▶ Required work: Look through the lines below and extract each one that contains "para".

▶ Study material:
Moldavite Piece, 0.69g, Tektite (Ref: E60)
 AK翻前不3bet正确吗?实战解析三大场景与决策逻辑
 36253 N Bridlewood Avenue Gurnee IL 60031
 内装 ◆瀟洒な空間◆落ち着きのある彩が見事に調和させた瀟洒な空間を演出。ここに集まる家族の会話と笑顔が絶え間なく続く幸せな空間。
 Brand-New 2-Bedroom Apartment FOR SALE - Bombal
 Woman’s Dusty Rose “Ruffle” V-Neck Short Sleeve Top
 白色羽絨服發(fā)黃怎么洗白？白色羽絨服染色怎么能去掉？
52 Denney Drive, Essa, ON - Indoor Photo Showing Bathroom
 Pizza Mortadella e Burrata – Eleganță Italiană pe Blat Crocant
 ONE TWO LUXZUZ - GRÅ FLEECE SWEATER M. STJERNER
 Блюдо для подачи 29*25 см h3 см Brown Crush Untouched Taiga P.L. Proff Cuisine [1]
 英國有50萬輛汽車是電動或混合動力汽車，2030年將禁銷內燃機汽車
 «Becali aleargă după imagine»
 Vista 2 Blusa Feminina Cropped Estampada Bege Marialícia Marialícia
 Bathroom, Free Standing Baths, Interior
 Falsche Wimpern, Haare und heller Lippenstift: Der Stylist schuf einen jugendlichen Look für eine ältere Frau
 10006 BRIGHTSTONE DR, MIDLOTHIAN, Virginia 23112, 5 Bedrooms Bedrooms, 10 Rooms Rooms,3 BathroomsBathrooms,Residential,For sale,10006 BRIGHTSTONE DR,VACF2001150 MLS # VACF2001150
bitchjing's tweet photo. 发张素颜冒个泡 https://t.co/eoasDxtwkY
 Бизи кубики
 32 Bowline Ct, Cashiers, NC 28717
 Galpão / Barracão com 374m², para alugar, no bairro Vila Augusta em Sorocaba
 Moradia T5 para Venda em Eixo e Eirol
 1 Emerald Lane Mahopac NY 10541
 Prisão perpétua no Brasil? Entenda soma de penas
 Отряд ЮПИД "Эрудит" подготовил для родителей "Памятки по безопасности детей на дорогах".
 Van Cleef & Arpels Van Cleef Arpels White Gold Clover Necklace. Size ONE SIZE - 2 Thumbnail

▶ Result for this task:
 Galpão / Barracão com 374m², para alugar, no bairro Vila Augusta em Sorocaba
 Moradia T5 para Venda em Eixo e Eirol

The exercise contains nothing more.